Having done a cursory scan of a few such loops, I suspect that many current spin-then-backoff implementations are likely to avoid using such a fuzzy implementation because they would normally desire more control over the backoff logic. E.g. various "non-busy" WaitStrategy variants (see implementations of WaitStrategy found here: https://github.com/LMAX-Exchange/disruptor/tree/f29b3148c2eef3aa2dc5d5f570d7dde92b2f98ba/src/main/java/com/lmax/disruptor ) make specific choices about how to not busily-spin. Specific and current non-busy-spinning implementation variants include yielding, blocking, sleeping, blocking with a timeout, "lite" blocking, and a phased backoff strategy. I would expect that none of those would make use of the suggested spinYield() because each is making a different choice about backoff behavior. However, several of them (e.g. YieldingWaitStrategy and PhasedBackoffWaitStrategy ] would probably make use of spinLoopHint() [in the spinning parts that have not yet decided to back off], even though they don't spin indefinitely. [here too, spinLoopHint does no harm, and can only help their cause].

It does feel like letting the JVM (and underlying platform) implement spinning logic may be more desirable and portable for some things than specific strategy implementations written in Java, but evolving the proper API for such spins-with-backoff will probably entail studying the various things that may be expected of them (the richness of the Disruptor's not-entirely-busy strategies alone suggests that there is a need to indicate intent more clearly and richly than a single no-args call can do).

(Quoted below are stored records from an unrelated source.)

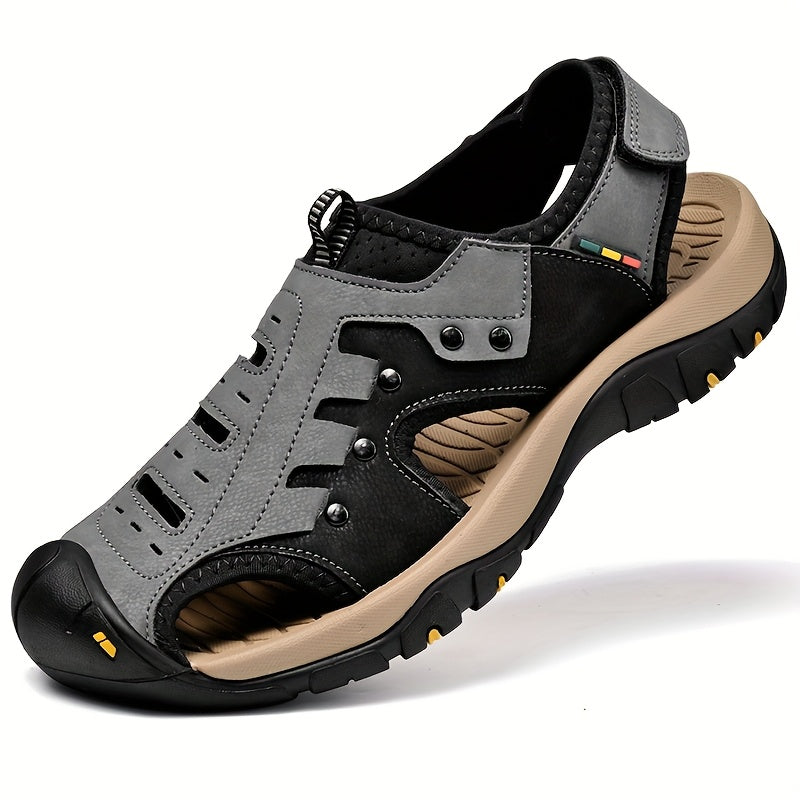 Sandálias pretas, castanhas e cinzentas para mulher - Chinelos de caminhada de verão com fecho ajustável, sola de borracha e material superior confortável para uso casual ao ar livre, sandálias com tiras.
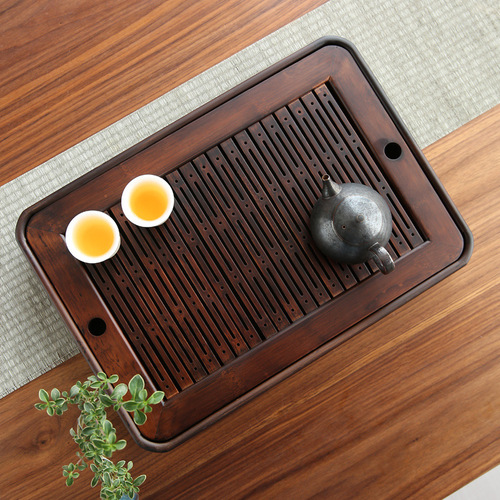 New bamboo water storage household tea tray small walnut color hotel tea set Japanese dry tea tray
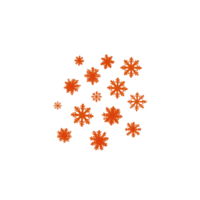 An Orange snowflake shaped pasta pieces are scattered against transparency background, creating playful and vibrant pattern. unique shapes and bright color add whimsical touch to composition png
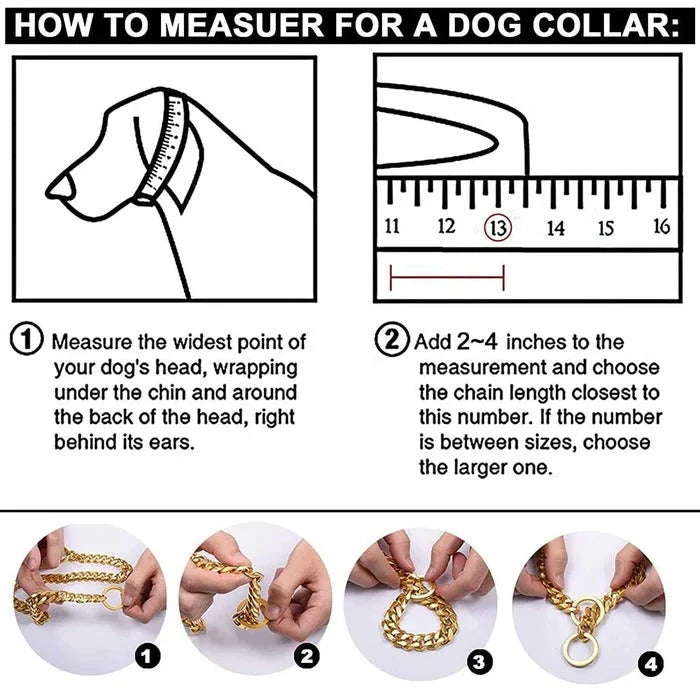 Dog Collar Solid Metal Links Hand-Polished Slip-On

I would submit that developing this API is orthogonal to the intend and purpose of the proposed spinLoopHint() JEP, and that we should work on it separately.

> And given that programmers cannot portably comply, the method must
> allow implementations that take the best course of action known to the JVM.

I agree, but in the sense of "best course of action for achieving the implied intent compared to an empty spin loop with no hint". We agree that a nop implementation is valid. Things that "do more than a nop" should strive to move the behavior in the indicated direction compared to that. Agreeing on what that direction is for each call is key.

There is a lot more than PAUSE that can be done in a spinLoopHint(), BTW. E.g. since a spinLoopHint() (in my suggested JavaDoc intent) indicates higher responsiveness as a priority, it would be valid and useful (but in no way required) for the JVM to work to *reduce* the likelihood of yielding the CPU in a loop that contained the hint. E.g. if there was some way for the JVM to communicate this preference to the underlying scheduling levels (OS, hypervisor, and even BIOS and HW power management), that would work to improve the behavior in the desired direction. I can envision interesting choices around isolcpus, tasksets, and weight decisions in cpu load balancing decisions, or even priorities. But I really have no desire to implement any of those at this time…

> Despite all of the above, I agree that an OK initial hotspot implementation
> is just to emit PAUSE if on x86 else no-op. It might be worth then
> experimenting with randomized branching etc on other platforms, and
> someday further exploring some cheap form of load detection, perhaps
> kicking in only upon repeated invocation.
> 
> -Doug
>